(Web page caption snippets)
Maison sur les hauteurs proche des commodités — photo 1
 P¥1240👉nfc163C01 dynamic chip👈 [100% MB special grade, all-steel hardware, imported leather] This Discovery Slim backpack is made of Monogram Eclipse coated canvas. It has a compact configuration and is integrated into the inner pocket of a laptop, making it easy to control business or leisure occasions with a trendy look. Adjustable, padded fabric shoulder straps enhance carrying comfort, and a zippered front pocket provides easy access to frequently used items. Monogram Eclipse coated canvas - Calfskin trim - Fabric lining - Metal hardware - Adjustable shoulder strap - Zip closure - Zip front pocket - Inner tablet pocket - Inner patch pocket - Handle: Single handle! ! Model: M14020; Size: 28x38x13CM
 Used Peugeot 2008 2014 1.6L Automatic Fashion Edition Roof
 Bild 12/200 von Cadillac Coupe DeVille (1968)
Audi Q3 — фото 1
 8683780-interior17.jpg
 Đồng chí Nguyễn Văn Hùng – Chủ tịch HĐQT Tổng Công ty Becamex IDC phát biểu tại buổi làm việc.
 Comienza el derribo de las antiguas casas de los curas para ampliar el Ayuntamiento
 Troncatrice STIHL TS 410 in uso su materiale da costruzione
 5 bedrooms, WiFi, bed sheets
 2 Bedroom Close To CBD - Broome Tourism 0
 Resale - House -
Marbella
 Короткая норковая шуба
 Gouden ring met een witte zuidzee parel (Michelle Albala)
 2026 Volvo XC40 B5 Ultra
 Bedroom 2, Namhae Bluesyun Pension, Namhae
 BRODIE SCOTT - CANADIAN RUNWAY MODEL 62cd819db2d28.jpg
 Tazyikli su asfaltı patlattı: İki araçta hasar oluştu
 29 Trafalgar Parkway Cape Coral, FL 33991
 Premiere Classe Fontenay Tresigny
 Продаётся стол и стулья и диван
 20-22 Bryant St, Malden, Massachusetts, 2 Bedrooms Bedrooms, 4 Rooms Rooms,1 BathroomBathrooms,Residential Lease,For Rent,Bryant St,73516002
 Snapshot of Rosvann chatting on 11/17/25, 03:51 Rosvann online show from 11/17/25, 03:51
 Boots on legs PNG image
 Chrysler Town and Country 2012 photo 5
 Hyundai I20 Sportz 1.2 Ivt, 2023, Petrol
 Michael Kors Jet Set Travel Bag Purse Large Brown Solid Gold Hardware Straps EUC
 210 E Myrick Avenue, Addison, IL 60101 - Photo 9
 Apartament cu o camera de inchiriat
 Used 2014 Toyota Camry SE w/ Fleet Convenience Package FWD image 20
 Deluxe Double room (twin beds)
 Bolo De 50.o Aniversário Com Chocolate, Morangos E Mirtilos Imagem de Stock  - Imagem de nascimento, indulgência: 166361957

• **PROBLEM STATEMENT**: In the entries above, find the line holding "Короткая норковая шуба" and the line holding "Hyundai I20 Sportz 1.2 Ivt, 2023, Petrol", then retype exactly those two lines and every line between them, and nothing else.

• **THE COMPLETED TASK**:
 Короткая норковая шуба
 Gouden ring met een witte zuidzee parel (Michelle Albala)
 2026 Volvo XC40 B5 Ultra
 Bedroom 2, Namhae Bluesyun Pension, Namhae
 BRODIE SCOTT - CANADIAN RUNWAY MODEL 62cd819db2d28.jpg
 Tazyikli su asfaltı patlattı: İki araçta hasar oluştu
 29 Trafalgar Parkway Cape Coral, FL 33991
 Premiere Classe Fontenay Tresigny
 Продаётся стол и стулья и диван
 20-22 Bryant St, Malden, Massachusetts, 2 Bedrooms Bedrooms, 4 Rooms Rooms,1 BathroomBathrooms,Residential Lease,For Rent,Bryant St,73516002
 Snapshot of Rosvann chatting on 11/17/25, 03:51 Rosvann online show from 11/17/25, 03:51
 Boots on legs PNG image
 Chrysler Town and Country 2012 photo 5
 Hyundai I20 Sportz 1.2 Ivt, 2023, Petrol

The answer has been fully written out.